Polish jazz magazine

Jazz Forum is a European jazz magazine based in Warsaw. It was established as a quarterly in 1964 by jazz bassist Jan A. Byrczek, who served as its editor-in-chief. It was the first jazz magazine published behind the Iron Curtain and allowed Polish culture, under a communist regime, to reach out to the West. In the opinion of Willis Conover, Jazz is "the music of freedom;" and to those who had no freedom, it became a metaphor of hope. At its peak, in the late 1970s, Jazz Forum was being published in Polish, English, and German and distributed to 103 countries.

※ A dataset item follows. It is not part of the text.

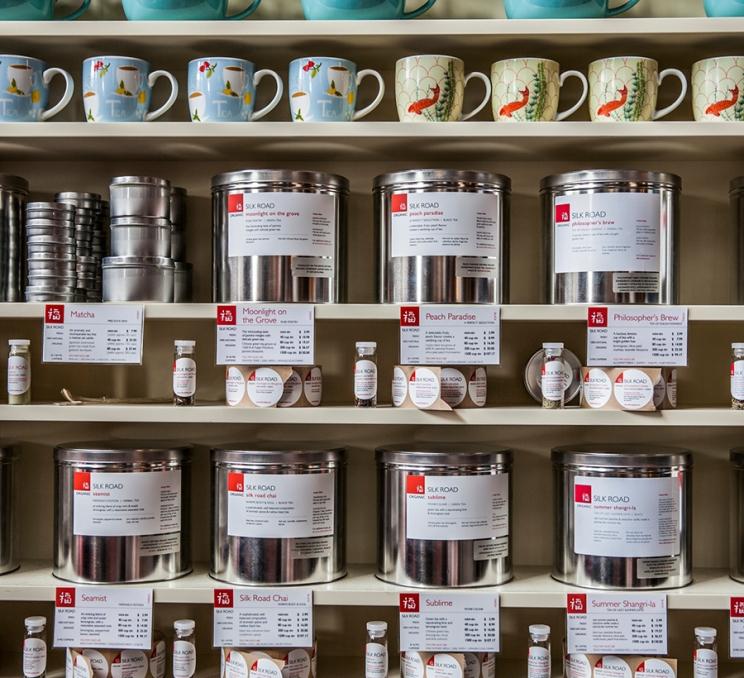 An assortment of teas, tea cups, and tea pots at Silk Road Tea in Victoria, BC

Pawel Brodowski is the current editor-in-chief. Jazz Forum is published 8 times a year and, as of 2012, circulation is approximately 8,000. The first publication was in Polish only. It was published in English from 1967 to 1992 and in German from 1976 to 1981. Around 1969, Jazz Forum became the official publication of the European Jazz Federation. In 1970, the magazine had contributing correspondents from Austria, Belgium, Czechoslovakia, Finland, France, German Democratic Republic (East Germany), Federal Republic of Germany (West Germany), Great Britain, Hungary, Norway, Romania, Spain, Switzerland, and Yugoslavia. In 1970, it was distributed by B.K.W.Z. (Ruch) from Warsaw and Buch Hansa from Hamburg. Jazz Forum is currently distributed by Empik and has received funding from the International Music Council.

Wolfram Knauer (de) called Jazz Forum one of the most important jazz publications of the 1970s and 1980s.